We learn from reading. Electrical impulses fire inside our minds sparking new connections. As we learn and expand our thought process, we become more creative, inspired and free. A few moments with well-written text is mediative as the immersion allows focus into the unknown.
Piles of Well Placed Words
My shelves are filled with piles of books written by literary masters. Many of my books I haven’t the time to read yet my connection to them remains strong as they encapsulate my personal space.
From Kerouac to Hemmingway fragments of their experiences fuel my passion to create, experience and love because the treachery of life is softened by the well-articulated notions.
When I’m with my well-read friends the connection is expressive and passionate because you can hear the power of an author’s inspiration in words they speak. Details and descriptors fill every sentence as the well-read can paint you a photograph so you feel as if you are there no longer a spectator.
The well-read can quote paragraphs and phrases embedded within the narrative that has become the fabric of their existence. The power of perfectly placed wording can take your breath away but feed your mind.
Words Inspire Creativity
My list of friends is made primarily of creatives types such as musicians, actors, painters, writers, photographers, and sculptors. When I get to the heart of the connection I’ve recognized a pattern. They are all well-read.

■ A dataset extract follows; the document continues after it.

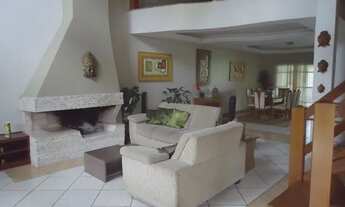 Imagem: Casa para venda tem 300 metros quadrados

Most of my favorite books have been recommendations or gifts from my closest friends. From the smallest passage to the culmination of a writer’s manifesto these books have helped develop and feed my passions.
Boredom is a trait for the closeminded and lazy because when we are open and impressionable our experiences become life-changing. Spontaneity and risk are the only paths to development and growth.
Having read a substantial amount of books I find that it is the reading list of my most celebrated people that defines their style and inspiration. Steve Jobs studied calligraphy and annually read Autobiography of a Yogi, by Paramahansa Yogananda. Ryan Holiday recommends Sun Tzu and the Art of War while Werner Herzog recommends The Peregrine.
As philosophy intertwines with spirituality and we learn about life from our connectivity to others, reading and sharing will continue to invigorate our souls.